Erst am Dienstagnachmittag teilte Palmer mit, wie seine Pläne konkret aussehen: Pause ja, aber erst im Juni. Dann wolle er sich auch professionelle Hilfe suchen, unterrichtete Palmer in einem Schreiben die Beschäftigten der Tübinger Stadtverwaltung.
Boris Palmer will wieder Termine wahrnehmen – aber nichts mit Streit-Potenzial
Sobald seine Infektion abgeklungen ist, will er demnach bis zum Beginn seiner Auszeit wieder als Oberbürgermeister arbeiten. Palmer kündigte an, dann auch öffentliche Termine und die Leitung von Gemeinderatssitzungen bis Ende Mai wieder zu übernehmen.
Verzichten wolle Palmer allerdings auf die Teilnahme an Veranstaltungen, die Anlass zur Konfrontation bieten könnten. Weitere Details nannte die Stadt nicht.
Palmer: „So geht es nicht weiter“
Bereits am Dienstagmorgen hatte Palmer eine Stellungnahme veröffentlicht. Sie endete mit den Worten: „Eines ist mir klar: So geht es nicht weiter. Die wiederkehrenden Stürme der Empörung kann ich meiner Familie, meinen Freunden und Unterstützern, den Mitarbeitern in der Stadtverwaltung, dem Gemeinderat und der Stadtgesellschaft insgesamt nicht mehr zumuten.“
Zuvor hatte er zudem eingestanden, er habe als Oberbürgermeister „niemals so reden dürfen“.

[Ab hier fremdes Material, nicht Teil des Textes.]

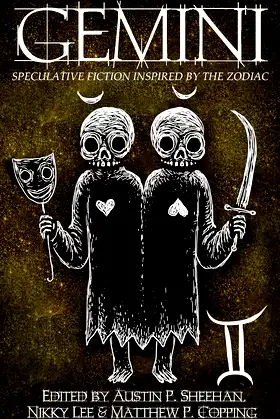 Gemini: Speculative Fiction Inspired by the Zodiac (The Zodiac Series) poster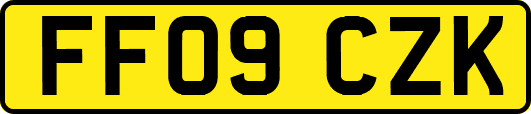 FF09CZK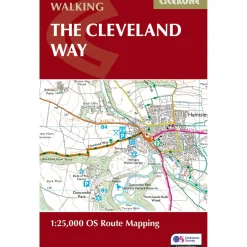 The Cleveland Way and the Yorkshire Wolds Way 2024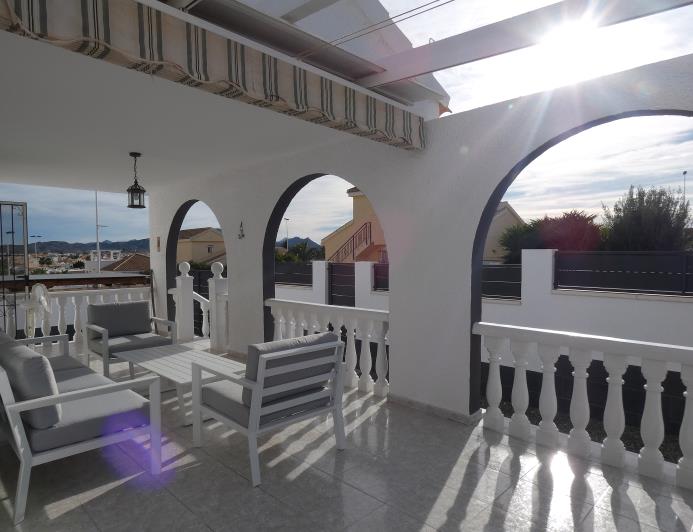 Image No.9-Villa / Détaché de 2 chambres à vendre à Camposol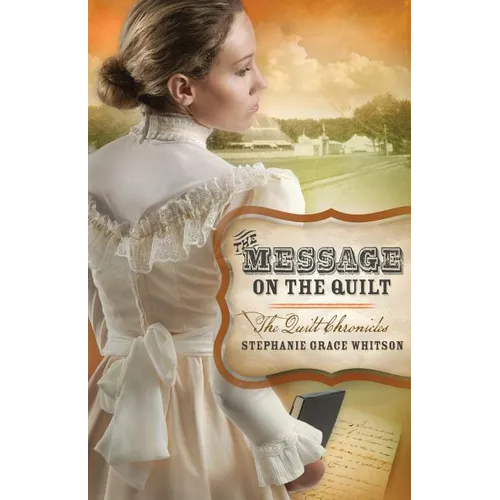 The Message on the Quilt - Paperback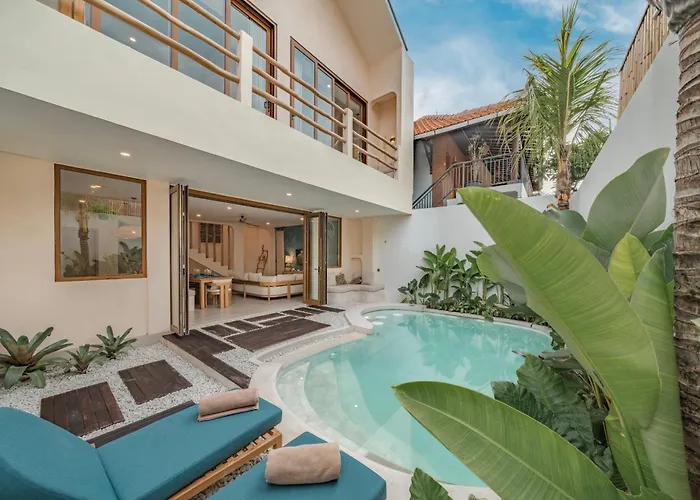 Villa Azura Sanur (Bali)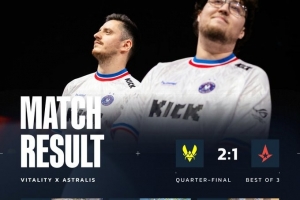 诸葛呼吸难逆天命 火仔三图爆轰58杀 小蜜蜂淘汰A队再战MOUZ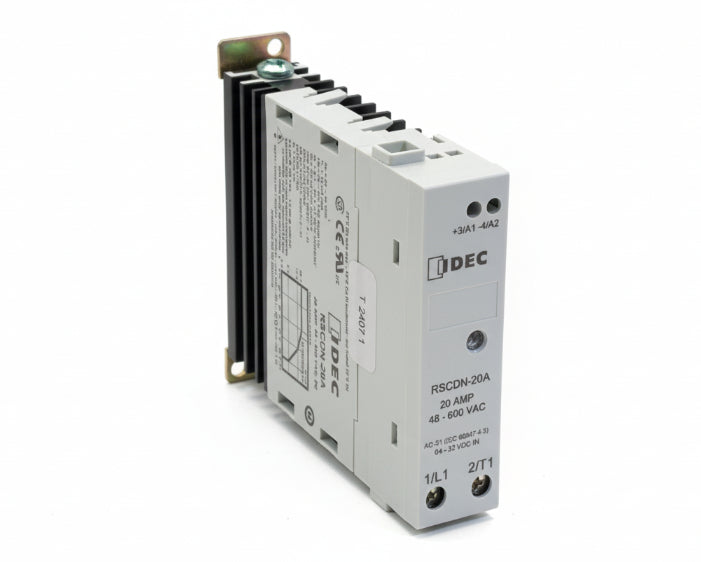 IDEC Corporation RSCDN-20A - nyparts.shop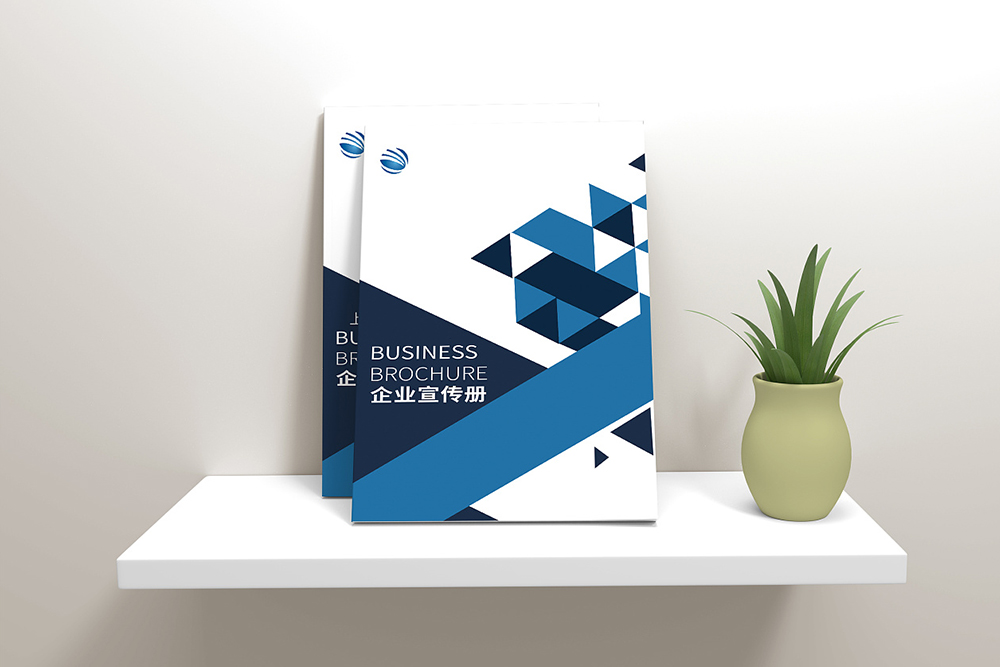 宣傳冊設(shè)計如何使企業(yè)更上一層樓？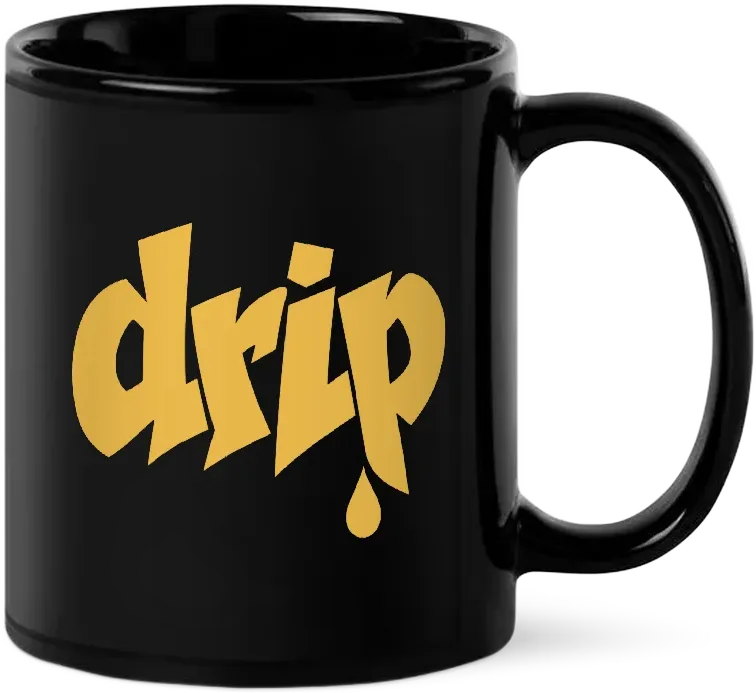 drip v2-mug front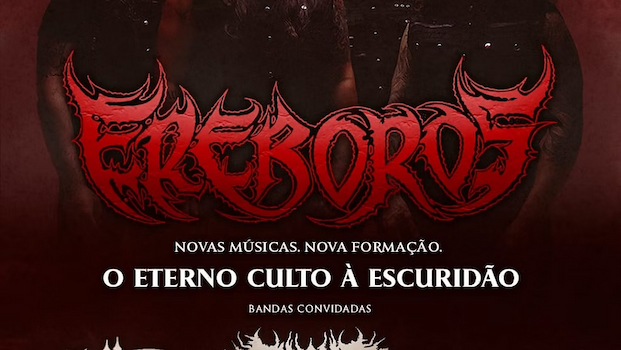 EROBOROS - O eterno culto à escuridão na Experience Music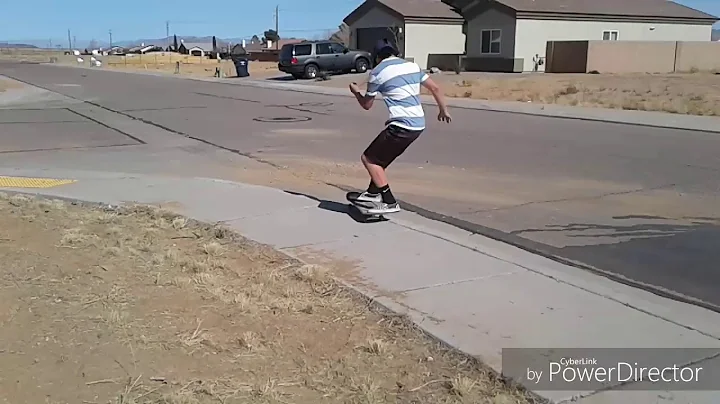 Skate film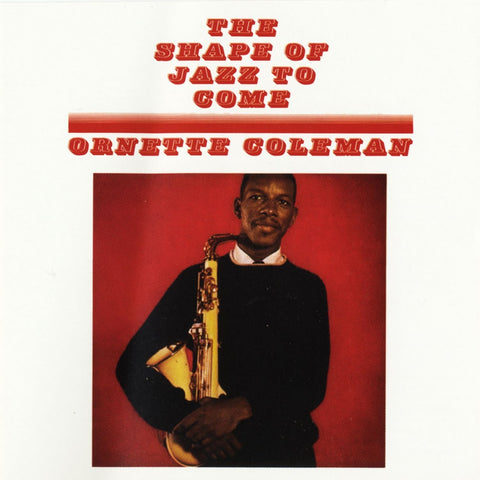 Ornette Coleman - The Shape Of Jazz To Come CD DIGIPACK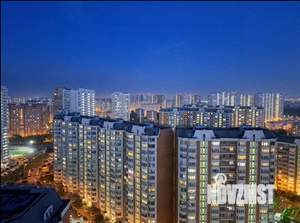 2-к квартира, вторичка, 90м2, 24/25 этаж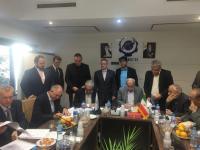 انعقاد قرارداد شرکت فولاد زرند ایرانیان  با شرکت OSTROJ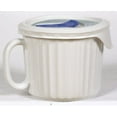thumbnail image 1 of Corningware 20-Ounce Oven Safe Meal Mug with Vented Lid, French (Pack of 4), 1 of 1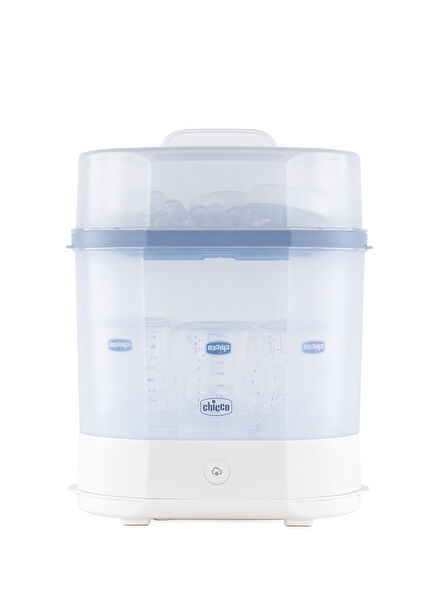 Buharlı Sterilizatör 3'ü 1 Arada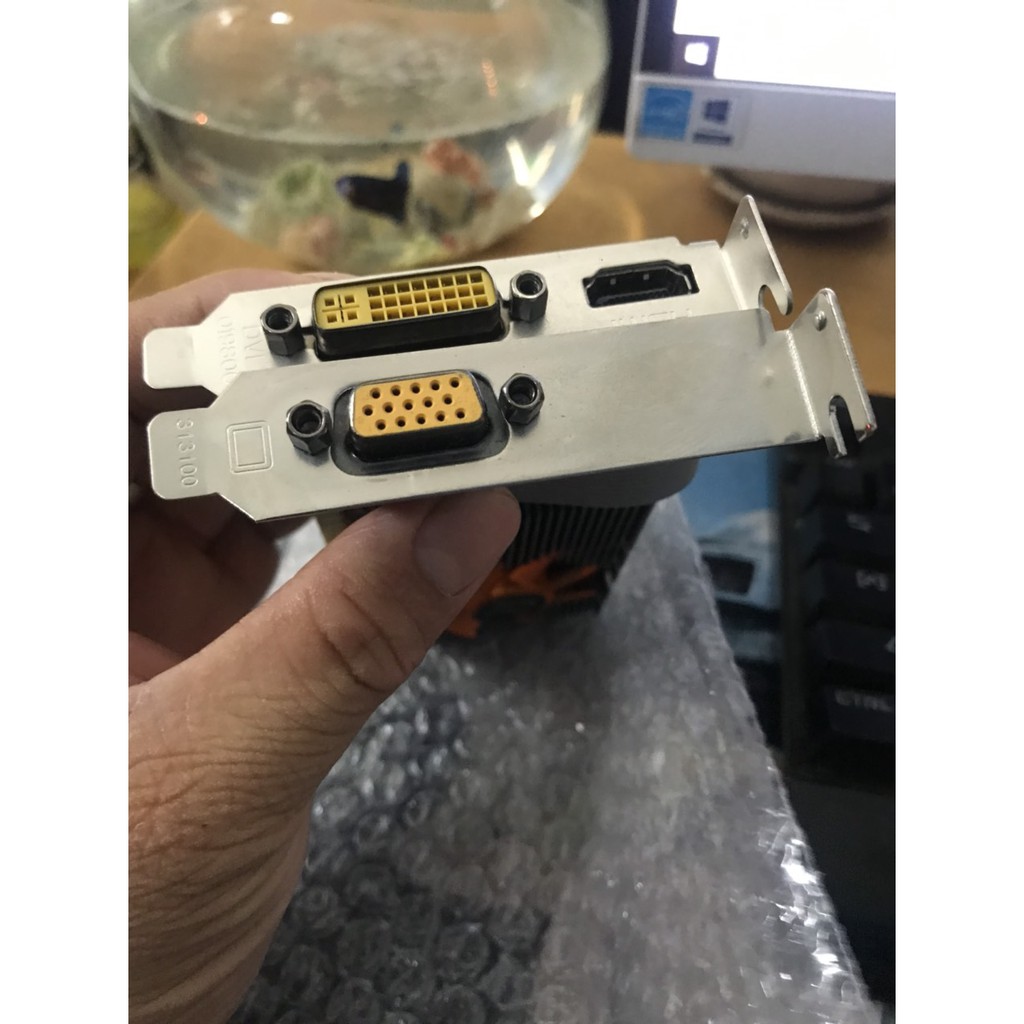 Card Vga GT730 GT710 1Gb-2Gb Bo Lùn | BigBuy360 - bigbuy360.vn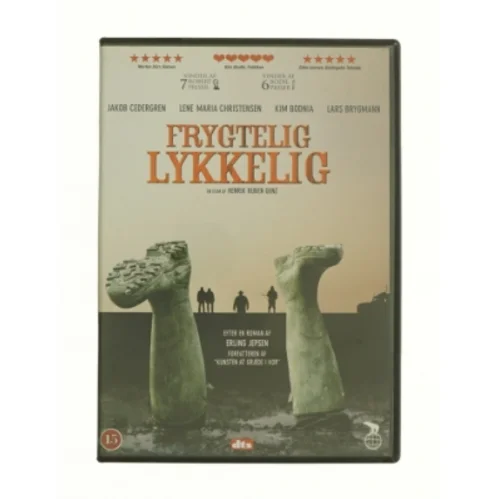 Frygtelig Lykkelig fra DVD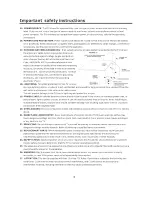 Preview for 5 page of ProScan 40LC45S User Manual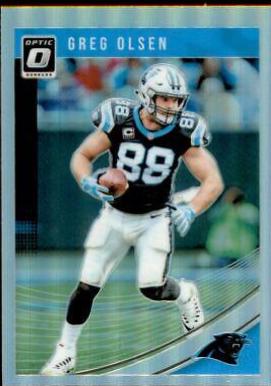 Greg Olsen [Holo] #17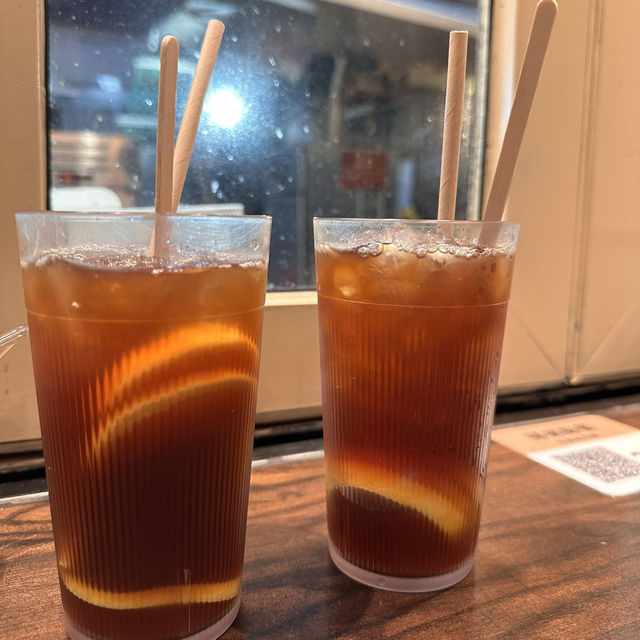 📍香港地道美食之一車仔麵🍜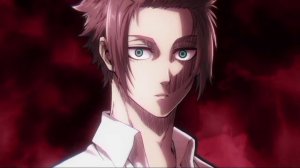 Аниме клип AMV Синяя Тюрьма/ Блю лок / Фиолетовые глаза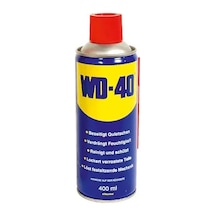 Wd40 Pas Sökücü, Koruyucu, Yağlayıcı 400 Ml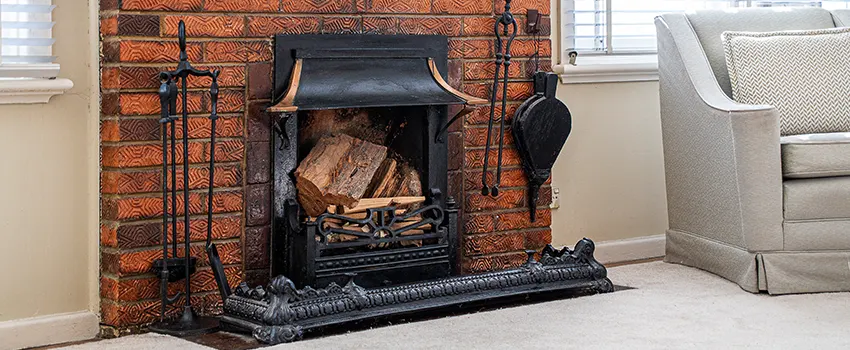 Custom Old Fireplace Redesign Services in Hollins, Virginia
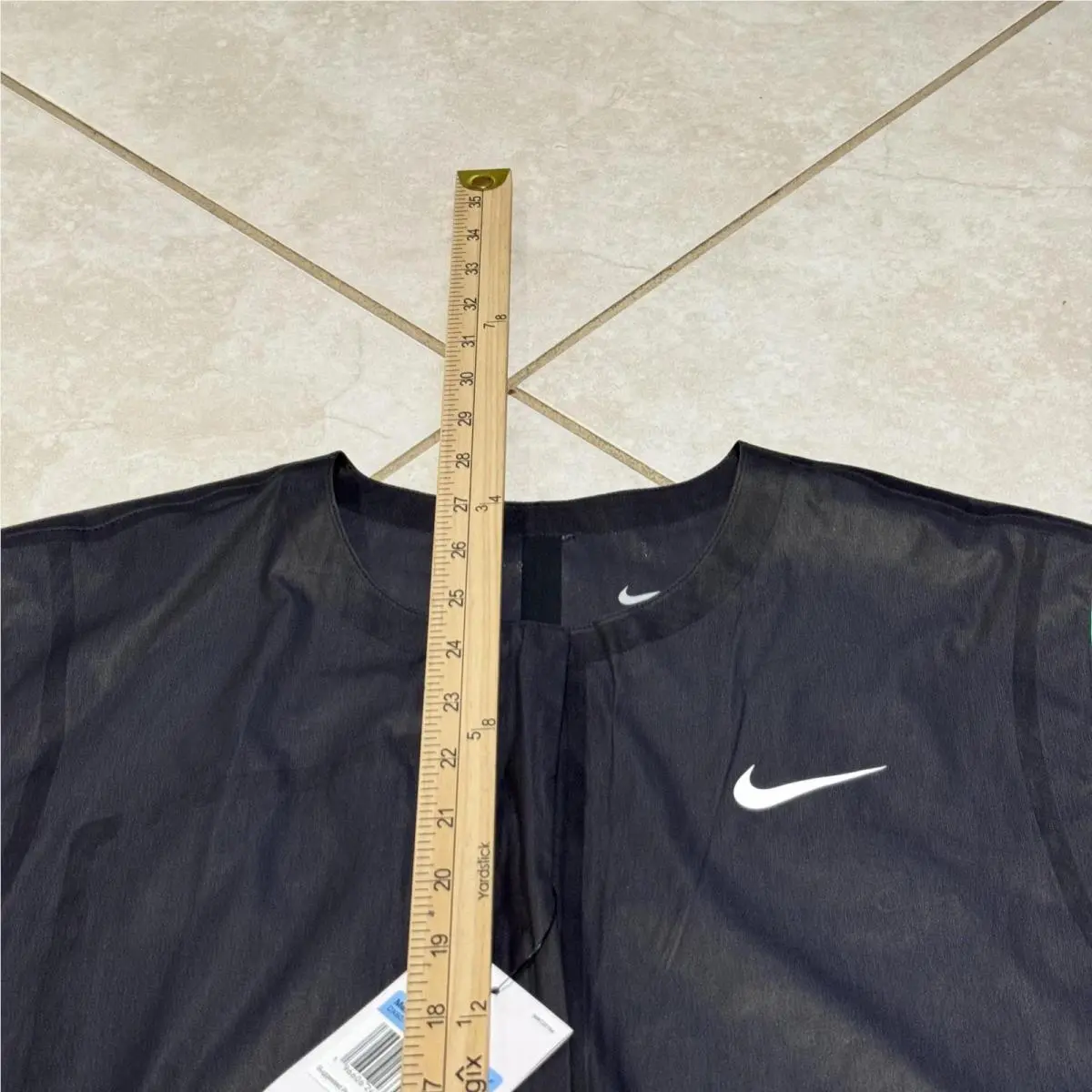 Nike clothing - DX6075010 - DX6075010 - Black 2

Boris Palmer spricht N-Wort auf Konferenz aus
Auf einer Migrationskonferenz in Frankfurt am Main war es am Freitag zum Eklat gekommen. Er sollte einen Vortrag zu seinem Ansatz in der Migrationspolitik halten.
Palmer hatte auf der Bühne erklärt, warum er das N-Wort ausspreche. Der Moderator der Veranstaltung brach daraufhin seine Moderation ab und betonte, er könne und werde nicht weiterarbeiten, wenn jemand solche Thesen verbreite.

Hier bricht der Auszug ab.